As always, the posts where I talk about our family life and circumstances are not intended to be to receive any sort of pity. Far from it. I love our family and am beyond proud of Daddy Big Feet, what he believes in and does. Long deployments are very hard for the people going away as well, especially once Little Feet enter the picture. I believe it is important to illuminate what forces life can be like and give credit to the families that live through it. Wives, husbands, children, girlfriends, grandparents, mothers, fathers and anyone that supports their loved ones from afar and keeps their families going at home while the serving member of their families are away for long periods of time deserve medals as well. The people in uniform cannot do what they do without a family behind them supporting them and loving them from afar. This is often hightlighted in speeches in military gatherings, but rarely talked about outside the forces. If they did not have this support, no one would remain in the military for long. 

Through Adversity 

Forces women, girlfriends, wives and mothers are some of the strongest, most resilient, steadfast and inspiring people I know. Through adversity they lift up their loved ones in uniform and trudge on. Each of the categories of woman mentioned have separate challenges through deployments, but for the sake of clarity and continuity, I'm going to focus on motherhood in deployment. 

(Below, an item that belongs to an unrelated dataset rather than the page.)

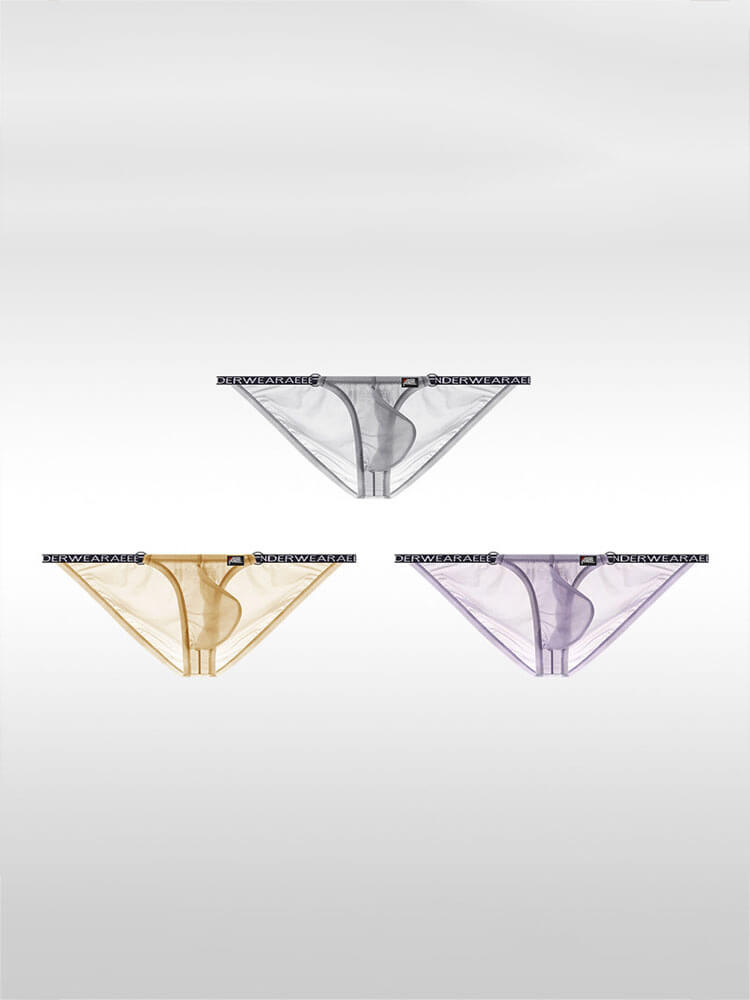 Men's Sexy Ultra-Thin Sheer Ice Silk Letter Belt Thong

A huge part of why this blog was created has to do with our identity as a forces family. All around the globe, wives or husbands sacrifice their careers so that their other halves in uniform may continue, for what many consider their calling in life. As a result those who follow evolve and adapt to survive. We become entrepreneurs. I know many women who have become small business owners, such as masseuses, barbers, hairdressers, writers, jewellery designers, app creators, property developers, photographers, artists or tutors, just to name a few. All so that they can continue a career and retain an identity, other then being a ‘military spouse’ through our transient lifestyle. For me I branched out to writing, freelancing and blogging. 

© Lasting Memories Photography by Lisa Marie

© Lasting Memories Photography by Lisa Marie

What now?

With this deployment lain out before us in the weeks and months to come, I feel daunted by the short winter days, the weekends after weekends of solo parenting, the nightly wake ups, the tears and tantrums, and the continuous fight against being tired. I do not doubt I can do it or have the strength to, I know I can. My world cannot stop turning just because I’d like it to and we cannot live our lives waiting for the future to come quicker. As a mother though, I will need to get inventive and one idea I have come up with is the

Deployment Thankfulness Jar.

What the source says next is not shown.